January 9th, 1912, just after 5 A.M. The wind is howling at nearly 40 miles per hour–with gusts of up to 68 miles per hour–making the already below freezing temperatures even colder. Philip O’Brien, the timekeeper of the swanky Cafe Savarin on the first floor of the Equitable Life Assurance Building, starts his day by lighting the gas in his small office and distractedly throws the still-lit match into the garbage. By 5:18 A.M. the office is engulfed in flames. The flames spread to the elevators and dumbwaiter systems and within minutes the entire Equitable Building is on fire.
The Equitable Building opened in 1870 at 120 Broadway and was considered the first skyscraper at an impressive seven stories and with the first public elevators in the city. It was the home of some of the most well established banking and law offices of the Gilded Age, along with the Cafe Savarin and the exclusive Lawyer’s Club. The basement housed safes and vaults filled with several billions (yes, billions in 1870) of securities, stocks, and bonds. In short, this was the epicenter of most of the wealth of the Financial District.
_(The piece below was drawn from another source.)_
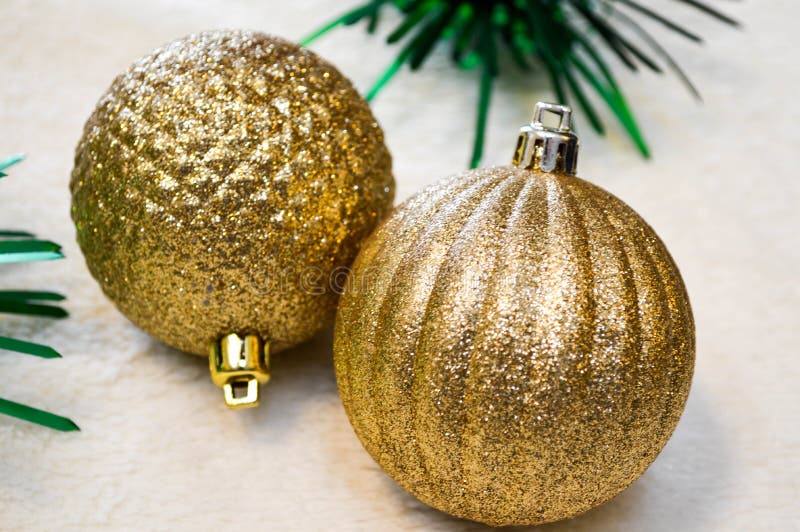 Golden Glitter Christmas Ornaments Stock Image Image of shiny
At 5:34 A.M the first fire alarm was rung at the corner of Pine and Nassau Streets and within minutes the first firefighters arrived. Within half an hour the majority of Manhattan’s firefighters were at the scene, containing the fires within the building and spraying the exterior from neighboring buildings. And yet the fire burned on. For the first time in the history of the fire department, Brooklyn fire companies were called in to help with a Manhattan fire. The Brooklyn Bridge was even closed to traffic to allow the fire engines to get to the Equitable Building as quickly as possible.
The first casualties of the fire occurred at 6 A.M., just as reinforcements were arriving. Three employees of Cafe Savarin were trapped on the roof. Fire fighters tried to rescue them, but the ladders were three stories too short and by the time the fire fighters went up to a neighboring building, the roof had begun to collapse. In desperation, the trapped men jumped to their deaths onto Cedar Street.
At the same time nearly thirty blocks uptown, William Giblin, the president of the Mercantile Deposit Company–whose offices were in the building–was informed of the fire. He dashed down to the Financial District and, with a watchman, went to retrieve important documents from his company’s offices in the burning building. They were unaware the outer doors of the building locked behind them. While they were searching for his papers in a massive vault, a heavy safe fell to the ground floor spreading the fire even more completely. Various rescue missions tried fruitlessly to save them, but instead resulted in the death of respected Fire Battalion Chief William Walsh. Nearly two hours later Giblin and the watchman were freed only after fire fighters used hacksaws to get through the bars of the basement windows. The post card below shows the aftermath.
As the morning wore on, the temperatures dropped even more and the wind speeds picked up causing the water to freeze where it was sprayed. Soon Broadway was coated with layers of ice, hoses were frozen solid, and fire apparatuses were jammed – but the firemen had it the worst. According to the New York Times, “At 9 o’clock Fire Chief Kenlon, who worked like a Trojan at this – his first great fire – was actually weighted down with icicles. They had formed on his eyebrows and hung from his mustache like dumbbells. From his shoulders and arms the men on the lines had to chop away the coat of ice. He looked like a man from another world. It was so with all the firemen whose work took them into the zone of the shifting spray, and it was soon found necessary to open relief stations in the entrances to the various office buildings which faced the building that was in flames. Here police and men detailed from the Fire Department bent over the half frozen men, pressing their stiff gloves onto the radiators, cutting, scraping, and chopping the ice from their helmets and hair and shoulders.”
The fire was contained at 9:30 A.M. and by that time the Equitable Building was in ruins. Six people had lost their lives, including the Battalion Fire Chief William Walsh and two night watchmen who had been trapped inside the building.
This disaster, along with the Triangle Shirtwaist Company fire, made it clear that new laws were needed to maintain safety in a rapidly changing cityscape.